Colombo potrà salpare per le Indie con tre caravelle.
Nel secondo atto Colombo ha avuto successo. È tornato, portando con sé ricchezze e indigeni catturati, vendibili come schiavi.
Ma Colombo non è oggetto di trionfo. Anzi, viene sottoposto a processo per quello che ha fatto durante la traversata. I tempi di percorrenza si sono dimostrati più lunghi di quelli previsti. C’è stato un ammutinamento, per sedare il quale sono stati impiccati quattro marinai; poi è stato sottratto con una banale scusa il premio del marinaio che ha avvistato terra per primo; poi ci sono stati maltrattamenti degli indigeni, con commercio truffaldino di piccoli oggetti di totale inutilità in cambio di oro, mentre per le leggi in vigore avrebbe dovuto scambiare oggetti utili per l’agricoltura, la falegnameria, etc. Insomma Cristoforo Colombo viene accusato di crimini infami, compresa la riduzione in schiavitù degli indigeni, l’assassinio di un ufficiale della flotta e tante altre infamità, delle quali Colombo non riesce a discolparsi. La condanna è durissima. La situazione tuttavia vuole che eventi fausti nella casa reale (nascita di infanti, matrimoni, e altre amenità) elargiscano amnistie che vanno a sommarsi ad altre amnistie in modo che alla fine Colombo anziché debitore, diventa creditore di anni di galera.
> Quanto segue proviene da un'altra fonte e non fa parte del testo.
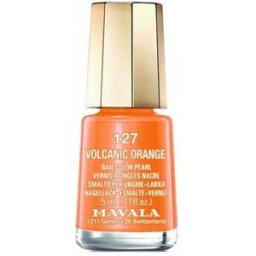 Mavala Mini Color Vernis à Ongles Volcanic Orange 127 5ml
Intanto gli eventi si accavallano. La Spagna è in guerra con la Francia. Altri viaggi di Colombo, che tuttavia non portano ad alcun miglioramento nella sua credibilità di personaggio. Nel 1502 Colombo fa il quarto e ultimo suo viaggio verso le Americhe. Le condanne, i disconoscimenti, la sottrazione di quasi tutti i diritti sulle scoperte effettuate, lo hanno ridotto in miseria. Ormai è ridotto a un uomo della strada. Quasi più nessuno si ricorda di lui. Solo l’inquisizione non lo ha mollato. E vorrebbe condannarlo per stregoneria. E al ritorno dall’ultimo viaggio il pretesto non mancherebbe. La previsione di una tempesta che costò la vita a tante personalità influenti, ma risparmiò lui, sarebbe una motivazione sufficiente. Ma alla fine non se ne fa nulla. Così Cristoforo Colombo finisce la sua vita, lontano dagli onori, e in grande miseria.
La commedia finisce quando finisce la recitazione della storia di Colombo. L’attore, sul palcoscenico, che è anche il palco del patibolo, aspetta che arrivi la grazia dal sovrano e dal sommo inquisitore. Ma la grazia non arriva. Unica consolazione: egli non verrà bruciato, ma decapitato.
Fo e la Rame recitano alla loro altezza, circondati da personaggi che fanno sempre più risaltare le loro figure. La figura di Colombo, ci dice Dario Fo nell’introduzione, è qui riportata a un livello umano, con tutti i pregi (la testardaggine, la volontà etc.) e i difetti (l’imbroglio, la menzogna, l’avidità) che sono propri di tutti gli uomini, anche di quelli che hanno compiuto le imprese più memorabili. Per questo suo ridimensionamento, ci dice sorridendo Dario Fo, è stata sfidato a duello da uno degli spettatori della prima rappresentazione, in difesa di un onore che a lui sembrava calpestato.